DE NOUVELLES THÉRAPIES

Reis e Sousa, qui est d'origine portugaise et dont le teint plus foncé signifie qu'il produit moins de vitamine D à Londres, moins ensoleillée, a découvert qu'il avait une carence en vitamine D il y a une dizaine d'années et prend depuis une supplémentation. « En règle générale », déclare-t-il, « si l'on vous diagnostique une carence en vitamine D, il semble raisonnable d'essayer d'y remédier. Mais cela ne dépend pas de cette étude, bien sûr. »

Il ajoute que l'on devrait toujours consulter son médecin traitant avant de prendre des compléments vitaminiques, même s'il s'agit d'une carence en vitamine D. « Il pourrait y avoir des effets néfastes que nous n'avons pas encore découverts, comme un risque accru de maladie auto-immune. »

Il met également en garde contre le fait de passer trop de temps au soleil pour faire le plein de vitamine D. « Nous ne préconisons pas d'augmenter l'exposition au soleil, qui peut également accroître le risque de cancer de la peau, annulant ainsi tout bénéfice. Vous n'avez pas besoin de prendre un bain de soleil pour absorber de la vitamine D, le simple fait de se promener dehors suffit. »

Plus important encore, selon Reis e Sousa, l'étude devrait inspirer de nouvelles recherches visant à déterminer si des suppléments en vitamine D ou en bactéroïdes pourraient améliorer les perspectives des patients cancéreux soumis à une immunothérapie ou à d'autres traitements.

Walter Willett, médecin et chercheur en nutrition à l'école de santé publique Harvard T.H. Chan, et qui n'a pas participé à l'étude actuelle, reconnait que les données de la nouvelle étude de Reis e Sousa suggèrent des avantages probables de la vitamine D pour les patients atteints de cancer. « Cela correspond à certaines de nos propres conclusions.
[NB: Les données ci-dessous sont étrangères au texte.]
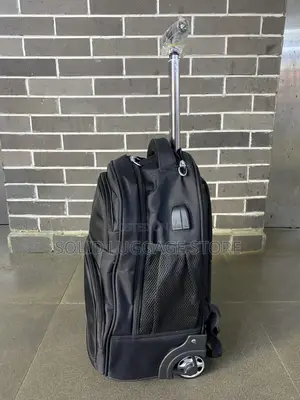 Star Express Trolley Backpack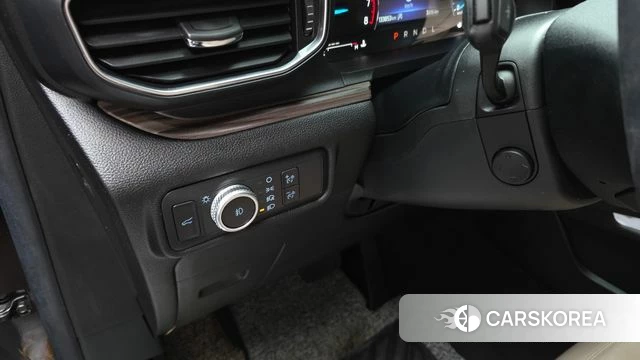 Ford Explorer 6th Generation id 4753688 из Кореи 19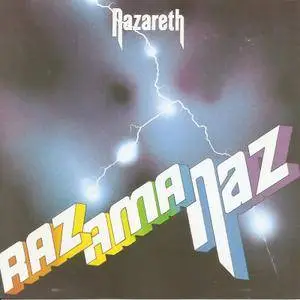 Nazareth: 20CD Collection. Non Remastered (1971-2008)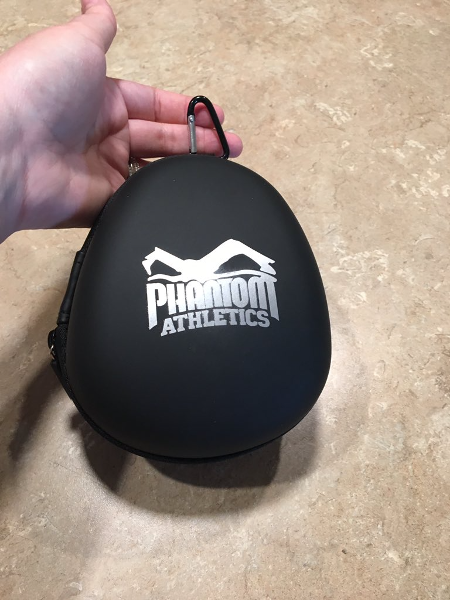 Phantom training mask - Image 6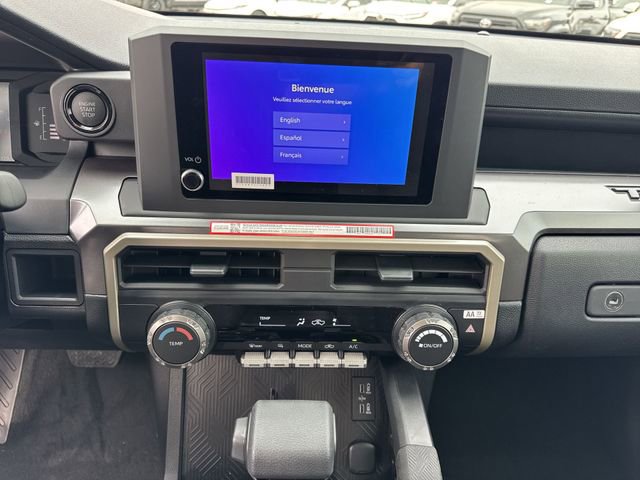 Thumbnail: 2026 Toyota Tacoma - 20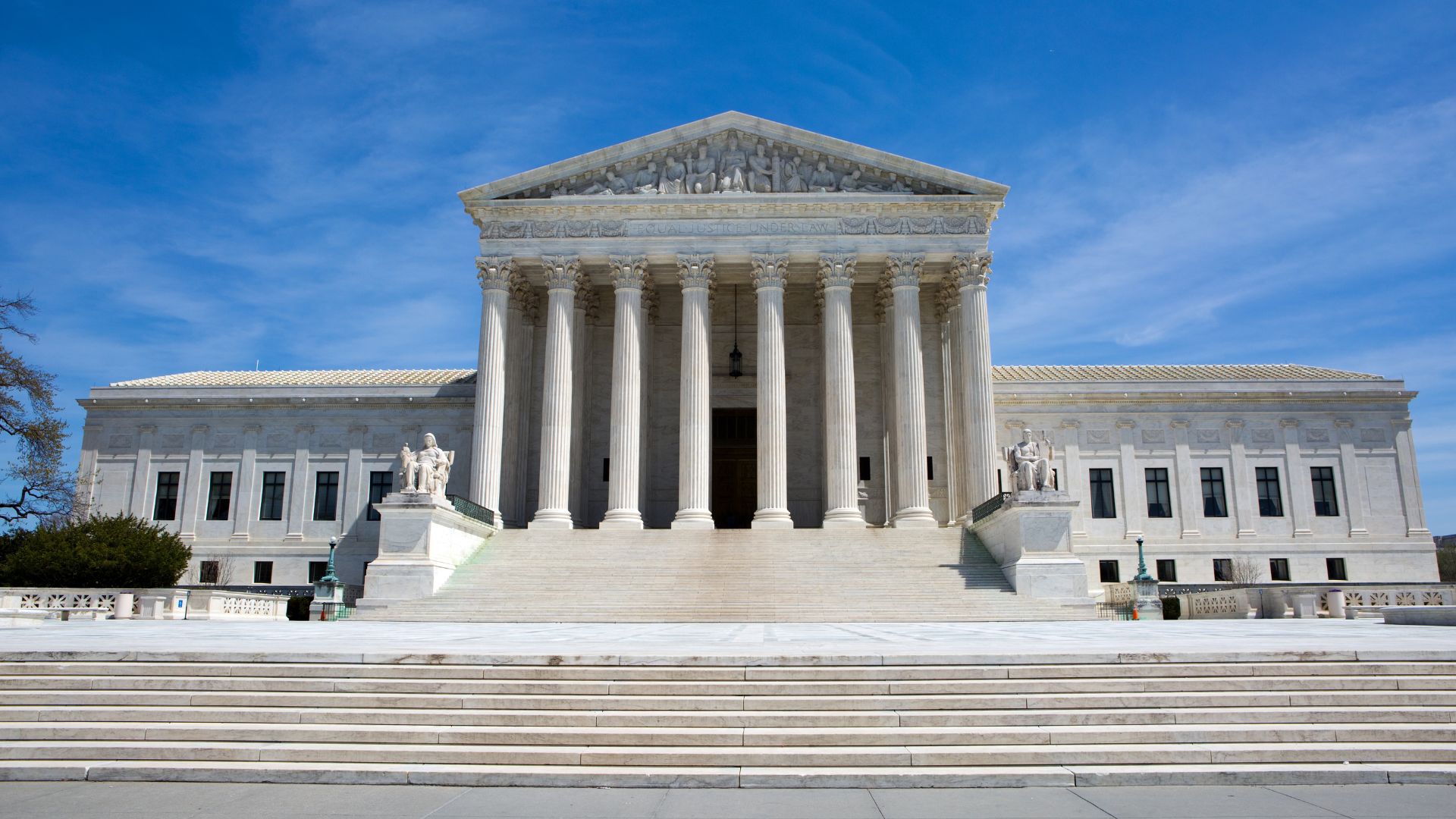 Former U.S. Supreme Court Justice David Souter Dies at 85 [WATCH]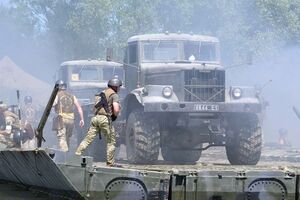 В Госдуме считают, что Украина надеется на обострение отношений с РФ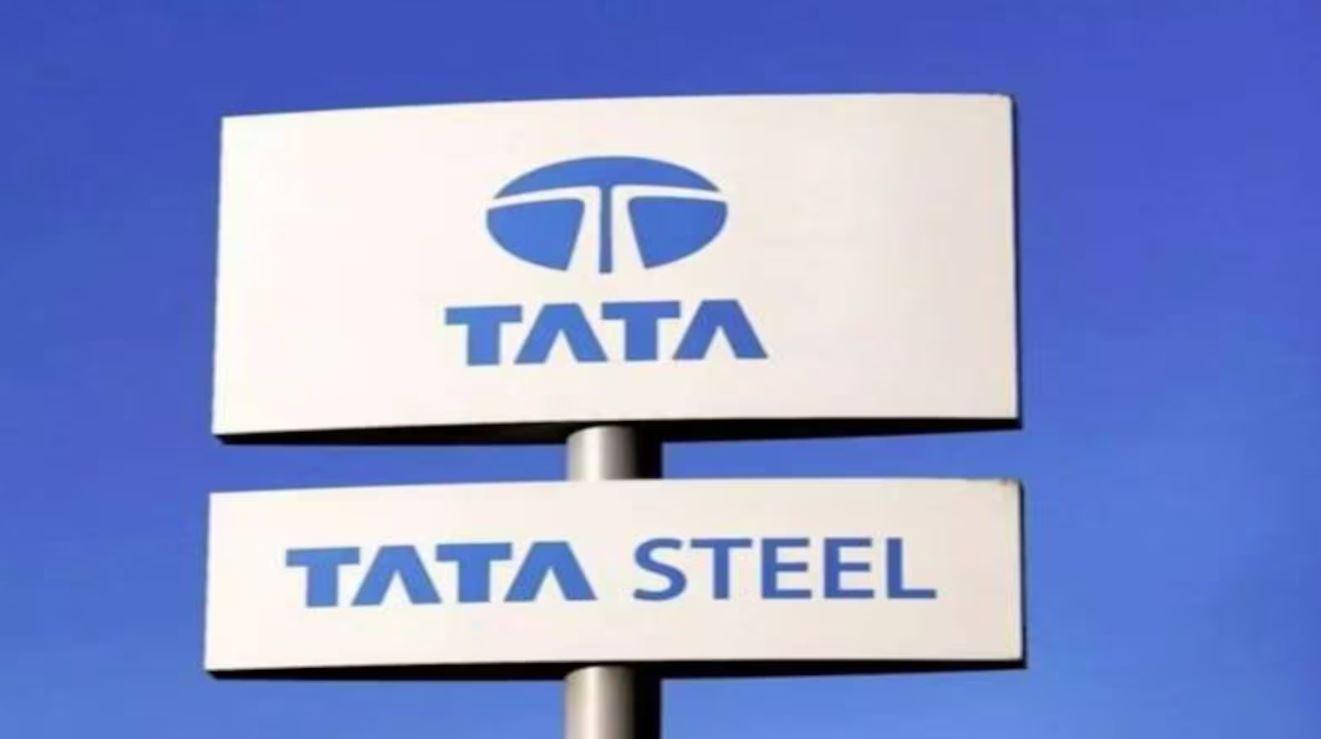 Tata Steel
Nous avons constaté que le risque de cancer du côlon était plus faible chez les femmes ayant des taux sanguins élevés en vitamine D. J'ai également participé à une étude montrant que la mortalité due au cancer était plus faible chez les personnes recevant des suppléments en vitamine D. »

Willett pense que les suppléments en vitamine D sont probablement une bonne idée. « Il est logique que la plupart des personnes vivant dans des climats nordiques prennent des suppléments en vitamine D et ne s'embarrassent pas de dépenses liées à l'analyse de leur taux de vitamine D. La meilleure façon de procéder est de prendre un supplément standard de multi-vitamines / multi-minéraux contenant 800 à 1 000 unités internationales de vitamine D, ce qui coûtent moins de dix centimes par jour. »

La question de savoir si les bienfaits de la vitamine D chez l'Homme sont véhiculés par le microbiote doit être confirmée, ajoute Willet. « Cela nécessitera de nouvelles études de grande envergure s'étalant sur plusieurs années. »

De nombreux spécialistes étudient actuellement la possibilité de manipuler le microbiote afin d'améliorer la thérapie anticancéreuse, explique Reis e Sousa. « Ils peuvent être remarquablement efficaces pour améliorer les résultats thérapeutiques, mais ils peuvent aussi s'avérer dangereux, en particulier lorsque les personnes sont immunodéprimées. Nous espérons que nos découvertes mèneront à des utilisations thérapeutiques plus fines. »

Cet article a initialement paru sur le site nationalgeographic.com en langue anglais.